Yıla 260 baz puan seviyelerinde başlayan, Mart-Nisan aylarında 380 baz puana yaklaşarak acaba? sorularını gündeme getiren CDS, yılın ikinci yarısında kararlı bir düşüş trendine girerek yazının hazırlandığı dönemde 213 baz puan seviyesine kadar geriledi. Bu sadece bir veri seti değil; Türkiye ekonomisine duyulan güvenin sayısal ispatıdır diyebiliriz.
2025 yılında neler oldu?
2025 yılında iki kritik kırılma noktası gördük;
İlk Çeyrek Stresi (Mart- Mayıs 2025): Mart ayında başlayan ve Nisan sonunda zirve yapan sert yükseliş genel EM trendinden negatif ayrışma, yılın en kırılgan dönemiydi.
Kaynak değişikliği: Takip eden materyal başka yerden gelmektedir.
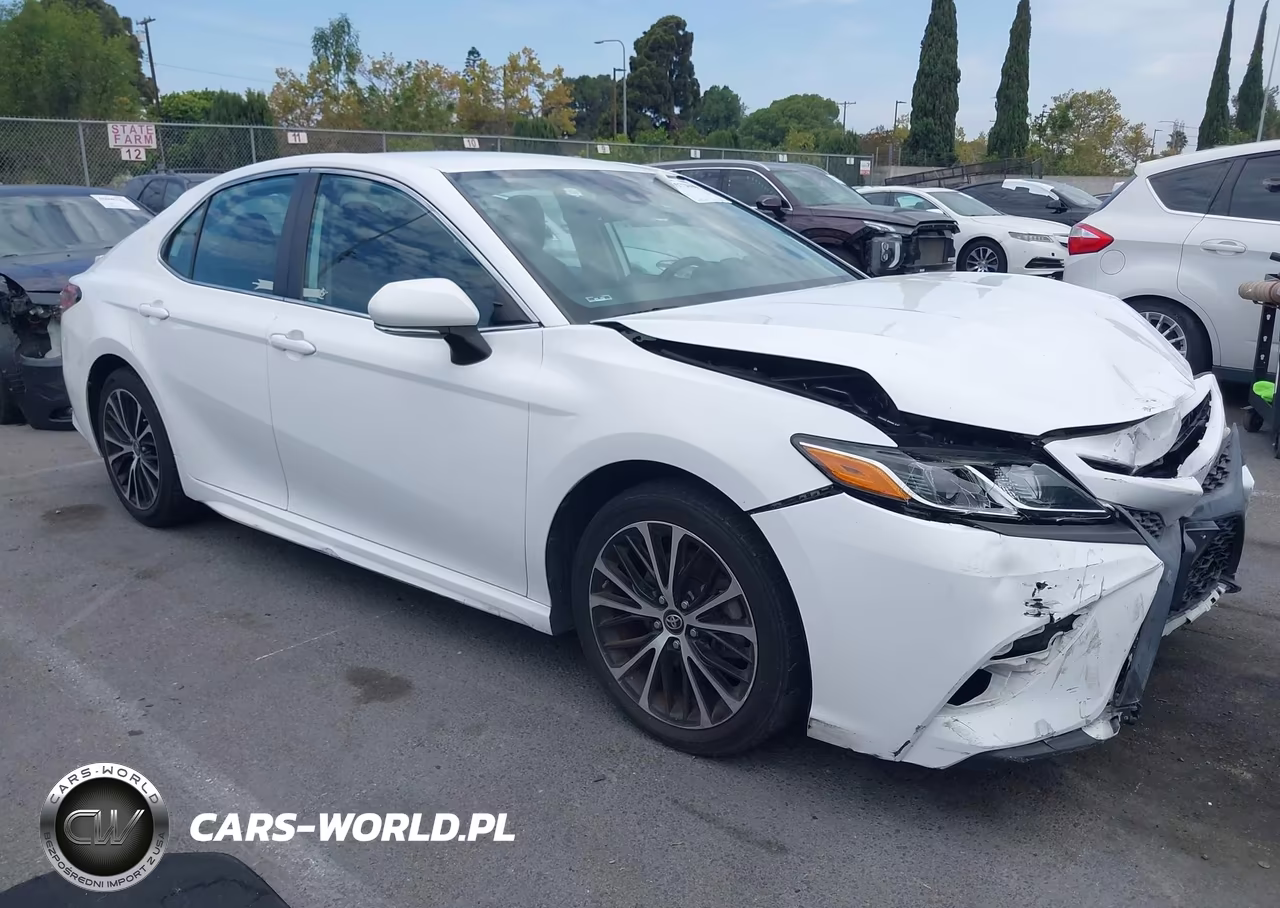 2019 Toyota Camry Se – zdjęcie 1 z 16
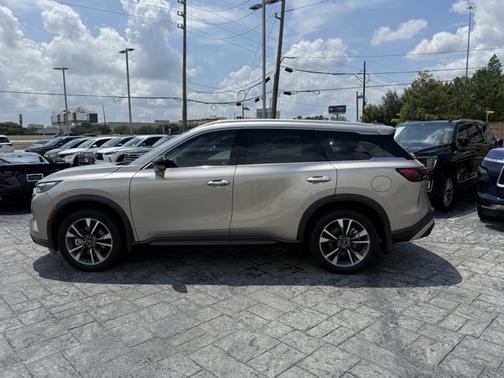 2025 INFINITI QX60 LUXE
Küresel likidite koşullarındaki belirsizlikler ve iç piyasadaki gelişmeler ve enflasyonist katılık, risk algısını geçici olarak yukarı taşıdı. Bu dönemde CDS 350-380 bandını test etti.
Büyük Normalleşme (Haziran- Aralık 2025): Yılın ikinci yarısı, tam anlamıyla meyve toplama dönemi oldu. Türkiye CDS’i, Gelişmekte Olan Piyasalar (EM) endeksindeki yatay/hafif aşağı yönlü seyre kıyasla çok daha agresif bir düşüş sergiledi. Bunun sonucunda da yılın zirvesinden yaklaşık 170 baz puanlık bir düşüş gözlemledik. Yıl başında Türkiye, benzerlerinden (EM Benchmark) yaklaşık 100 baz puan daha riskli fiyatlanırken, bugün bu makasın 80 baz puanın altına indiğini ve korelasyonun yeniden güçlendiğini görüyoruz.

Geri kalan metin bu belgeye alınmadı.